Foreland Shipping Limited is a company formed for the express purpose of building and owning the Point class sealift ships. The six original ships were for the purpose of providing a transport capability to the British armed forces in times of emergency, but in normal circumstances four vessels were engaged on MoD related activities and two were operated as commercial ships. The crews are part of the naval reserve and are under military discipline when required for service by the UK government.

==History==
The company was formed by a consortium of Bibby Line, Houlder Hadley, James Fisher plc and Andrew Weir Shipping in 2001. In August, 2013, James Fisher plc sold its 25% shareholding in Foreland to the Hadley Shipping Group.

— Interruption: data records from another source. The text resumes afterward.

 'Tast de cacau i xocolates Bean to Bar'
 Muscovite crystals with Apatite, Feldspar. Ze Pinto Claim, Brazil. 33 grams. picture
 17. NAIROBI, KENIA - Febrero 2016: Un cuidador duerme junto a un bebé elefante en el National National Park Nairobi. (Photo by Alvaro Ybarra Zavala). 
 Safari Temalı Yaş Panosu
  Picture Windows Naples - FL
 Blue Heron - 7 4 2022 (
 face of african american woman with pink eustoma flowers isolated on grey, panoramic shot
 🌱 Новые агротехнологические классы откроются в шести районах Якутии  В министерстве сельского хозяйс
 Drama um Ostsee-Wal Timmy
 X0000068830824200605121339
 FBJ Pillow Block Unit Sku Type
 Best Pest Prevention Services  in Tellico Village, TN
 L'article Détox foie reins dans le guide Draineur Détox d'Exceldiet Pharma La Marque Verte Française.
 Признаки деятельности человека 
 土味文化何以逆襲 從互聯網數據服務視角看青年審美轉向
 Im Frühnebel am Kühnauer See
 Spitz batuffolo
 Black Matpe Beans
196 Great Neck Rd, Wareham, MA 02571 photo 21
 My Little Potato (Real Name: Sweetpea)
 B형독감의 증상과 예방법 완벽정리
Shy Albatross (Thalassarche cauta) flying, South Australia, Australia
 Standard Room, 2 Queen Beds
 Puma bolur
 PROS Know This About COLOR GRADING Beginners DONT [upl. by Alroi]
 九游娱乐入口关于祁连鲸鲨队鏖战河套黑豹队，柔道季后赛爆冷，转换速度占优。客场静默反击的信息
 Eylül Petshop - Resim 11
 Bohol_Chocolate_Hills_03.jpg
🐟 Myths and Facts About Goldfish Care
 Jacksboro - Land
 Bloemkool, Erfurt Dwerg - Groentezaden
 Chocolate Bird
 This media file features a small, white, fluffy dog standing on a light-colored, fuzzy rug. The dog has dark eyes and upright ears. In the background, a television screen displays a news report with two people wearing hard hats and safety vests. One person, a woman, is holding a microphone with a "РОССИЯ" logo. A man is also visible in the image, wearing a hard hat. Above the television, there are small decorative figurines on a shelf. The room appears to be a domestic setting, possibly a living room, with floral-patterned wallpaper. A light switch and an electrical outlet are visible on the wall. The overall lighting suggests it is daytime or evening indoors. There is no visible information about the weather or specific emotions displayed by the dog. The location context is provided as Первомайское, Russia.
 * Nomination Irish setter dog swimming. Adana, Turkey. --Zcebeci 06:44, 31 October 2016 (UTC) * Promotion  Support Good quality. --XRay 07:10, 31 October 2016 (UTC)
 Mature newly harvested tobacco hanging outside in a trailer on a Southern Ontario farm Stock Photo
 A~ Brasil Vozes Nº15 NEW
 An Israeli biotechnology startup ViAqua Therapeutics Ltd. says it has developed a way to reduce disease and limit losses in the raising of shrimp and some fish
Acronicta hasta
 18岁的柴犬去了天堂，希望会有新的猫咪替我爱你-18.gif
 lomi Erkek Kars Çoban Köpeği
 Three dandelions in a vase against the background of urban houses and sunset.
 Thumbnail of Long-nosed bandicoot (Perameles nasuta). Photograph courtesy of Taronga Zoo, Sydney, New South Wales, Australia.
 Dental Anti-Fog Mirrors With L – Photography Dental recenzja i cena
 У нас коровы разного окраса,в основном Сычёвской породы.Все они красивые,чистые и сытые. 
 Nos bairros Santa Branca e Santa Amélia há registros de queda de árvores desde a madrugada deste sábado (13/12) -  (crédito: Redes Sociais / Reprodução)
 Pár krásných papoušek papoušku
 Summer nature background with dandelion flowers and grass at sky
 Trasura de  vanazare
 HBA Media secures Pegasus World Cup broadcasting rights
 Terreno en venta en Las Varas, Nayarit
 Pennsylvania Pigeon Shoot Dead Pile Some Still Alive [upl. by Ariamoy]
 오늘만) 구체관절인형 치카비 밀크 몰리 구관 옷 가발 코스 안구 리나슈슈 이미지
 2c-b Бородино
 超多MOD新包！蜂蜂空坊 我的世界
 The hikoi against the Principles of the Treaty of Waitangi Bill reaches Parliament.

Foreland is currently wholly owned by the Hadley Shipping Group.

==Fleet==
The company currently has a fleet of four ships, Anvil Point, Hartland Point, Hurst Point and Eddystone. Two more ships, Beachy Head and Longstone, were sold in 2013 as part of MoD reviews and cut backs. For MoD service the ships are based at Marchwood.

==Incidents==
Over three days 28 - 30 November 2014, the crew of the Anvil Point rescued 150 migrant refugees off the coast of Sicily. The ship's assistance was requested after coastguard vessels were unable to approach due to adverse weather conditions. In December, 2016, Captain Nigel A. Barningham, Master, was awarded the "Merchant Navy Medal" by the UK Merchant Navy Association (MNA) for his crew's efforts.